- RECORDS FOR PROCESSING
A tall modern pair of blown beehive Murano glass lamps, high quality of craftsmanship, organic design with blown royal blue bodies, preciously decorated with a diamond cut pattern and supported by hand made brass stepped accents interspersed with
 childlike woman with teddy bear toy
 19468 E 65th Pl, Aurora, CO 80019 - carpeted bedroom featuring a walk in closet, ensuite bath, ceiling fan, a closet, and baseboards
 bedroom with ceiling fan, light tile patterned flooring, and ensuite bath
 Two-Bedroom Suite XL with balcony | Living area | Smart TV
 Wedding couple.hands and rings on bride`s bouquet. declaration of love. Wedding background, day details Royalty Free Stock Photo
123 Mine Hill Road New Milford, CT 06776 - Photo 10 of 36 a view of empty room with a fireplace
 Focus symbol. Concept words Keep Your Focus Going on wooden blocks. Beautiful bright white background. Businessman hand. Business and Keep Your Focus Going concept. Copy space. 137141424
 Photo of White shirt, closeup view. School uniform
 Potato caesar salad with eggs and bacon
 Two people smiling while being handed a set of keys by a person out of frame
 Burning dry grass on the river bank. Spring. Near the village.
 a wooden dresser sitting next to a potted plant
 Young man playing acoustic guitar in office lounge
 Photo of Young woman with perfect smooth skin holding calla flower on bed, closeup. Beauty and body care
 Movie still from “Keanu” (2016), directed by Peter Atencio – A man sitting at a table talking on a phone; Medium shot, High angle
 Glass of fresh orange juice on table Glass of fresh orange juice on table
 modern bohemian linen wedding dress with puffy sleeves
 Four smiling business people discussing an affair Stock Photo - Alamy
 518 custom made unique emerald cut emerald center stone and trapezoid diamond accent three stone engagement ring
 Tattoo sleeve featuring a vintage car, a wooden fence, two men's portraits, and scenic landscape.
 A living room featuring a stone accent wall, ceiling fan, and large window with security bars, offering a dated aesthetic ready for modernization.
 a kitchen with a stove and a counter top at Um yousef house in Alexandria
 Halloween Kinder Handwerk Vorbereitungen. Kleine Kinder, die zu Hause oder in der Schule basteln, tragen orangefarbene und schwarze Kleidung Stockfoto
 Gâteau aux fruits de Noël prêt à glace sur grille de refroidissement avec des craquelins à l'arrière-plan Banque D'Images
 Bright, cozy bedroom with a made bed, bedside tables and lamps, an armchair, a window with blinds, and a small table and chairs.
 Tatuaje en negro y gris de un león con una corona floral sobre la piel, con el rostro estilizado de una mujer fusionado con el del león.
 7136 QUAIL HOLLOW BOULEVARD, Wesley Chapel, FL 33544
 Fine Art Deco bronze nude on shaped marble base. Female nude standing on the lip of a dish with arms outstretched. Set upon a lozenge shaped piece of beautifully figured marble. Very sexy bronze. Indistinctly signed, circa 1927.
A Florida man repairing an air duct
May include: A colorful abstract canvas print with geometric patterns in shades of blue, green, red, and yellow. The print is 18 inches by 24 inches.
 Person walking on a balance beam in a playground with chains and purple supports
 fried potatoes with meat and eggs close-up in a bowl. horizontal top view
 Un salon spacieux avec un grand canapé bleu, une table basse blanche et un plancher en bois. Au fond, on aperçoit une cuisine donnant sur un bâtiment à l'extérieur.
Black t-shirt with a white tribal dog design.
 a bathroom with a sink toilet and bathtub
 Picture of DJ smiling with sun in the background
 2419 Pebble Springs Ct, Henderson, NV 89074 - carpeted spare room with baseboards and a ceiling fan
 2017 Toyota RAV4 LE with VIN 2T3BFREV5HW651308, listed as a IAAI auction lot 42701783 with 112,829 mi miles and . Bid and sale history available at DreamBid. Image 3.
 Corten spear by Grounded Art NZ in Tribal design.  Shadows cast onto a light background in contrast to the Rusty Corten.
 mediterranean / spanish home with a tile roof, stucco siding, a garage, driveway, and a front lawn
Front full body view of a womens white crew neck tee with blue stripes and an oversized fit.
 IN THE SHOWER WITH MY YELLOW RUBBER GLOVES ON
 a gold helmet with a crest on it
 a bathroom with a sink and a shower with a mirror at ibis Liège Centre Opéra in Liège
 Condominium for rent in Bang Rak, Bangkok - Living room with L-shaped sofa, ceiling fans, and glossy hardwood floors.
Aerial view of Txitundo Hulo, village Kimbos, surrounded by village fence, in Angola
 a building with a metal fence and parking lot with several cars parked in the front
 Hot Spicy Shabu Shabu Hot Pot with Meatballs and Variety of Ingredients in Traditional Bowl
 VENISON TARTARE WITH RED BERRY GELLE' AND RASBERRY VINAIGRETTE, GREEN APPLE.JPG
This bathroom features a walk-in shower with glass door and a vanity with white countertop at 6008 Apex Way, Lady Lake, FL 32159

- INSTRUCTIONS TO FOLLOW
Where a line of the data contains "wooden", copy that line.

- WRITTEN RESPONSE
 Focus symbol. Concept words Keep Your Focus Going on wooden blocks. Beautiful bright white background. Businessman hand. Business and Keep Your Focus Going concept. Copy space. 137141424
 a wooden dresser sitting next to a potted plant
 Tattoo sleeve featuring a vintage car, a wooden fence, two men's portraits, and scenic landscape.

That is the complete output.